#### WHAT YOU WILL DO
For the lines from the one with "a dining room" to the end of the listing below, both ends included, give an exact copy and nothing more. Do not copy pictures.

#### AVAILABLE DATA
▬▬▬
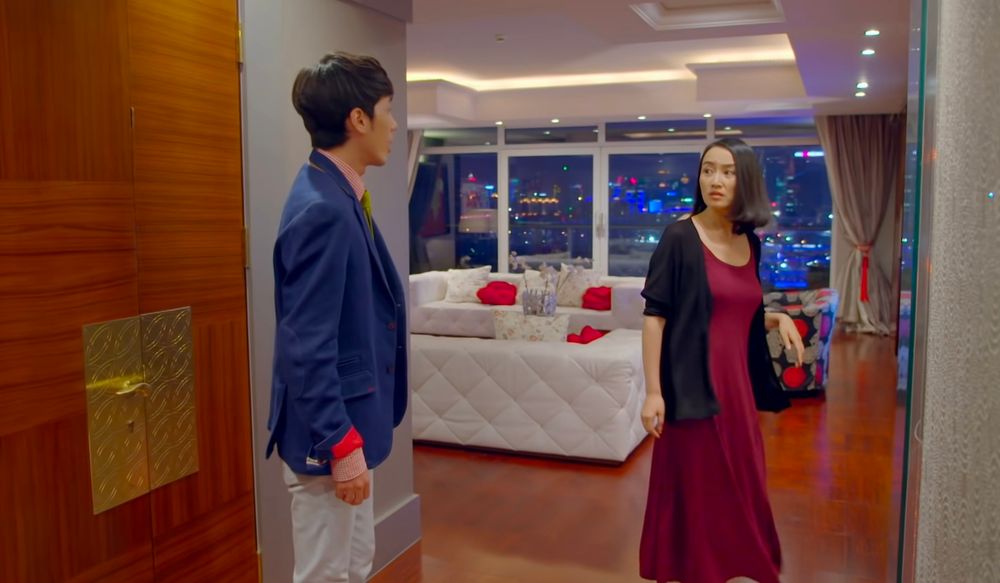 Xie Nanxiang stood in Dr Lin's apartment by the door, she is turning away from him to walk to another room his rolled up jacket cuff is showing its bright red lining 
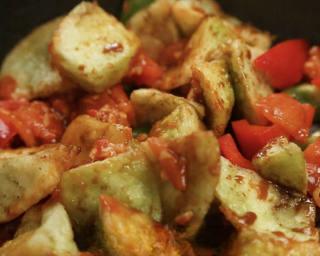 Braised Eggplant with Tomatoes and Peppers step 10: Add the fried eggplant and bell peppers. Pour in the prepared sauce and stir-fry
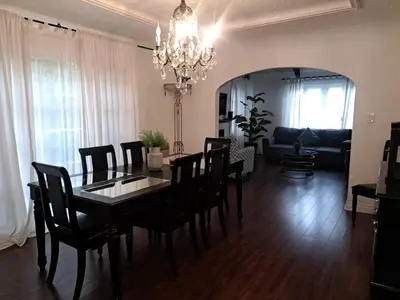 a dining room with a table and chairs and a living room at 3 bedroom plus 2 baths in Beverly hills in Los Angeles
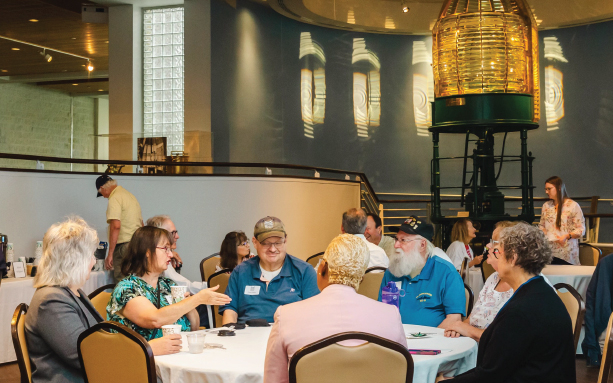 Mariners' staff and guests engaging in conversation around a round table in the Lower Lobby of the Museum.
▬▬▬
#### OUTPUT FOR THIS EXERCISE
 a dining room with a table and chairs and a living room at 3 bedroom plus 2 baths in Beverly hills in Los Angeles
 Mariners' staff and guests engaging in conversation around a round table in the Lower Lobby of the Museum.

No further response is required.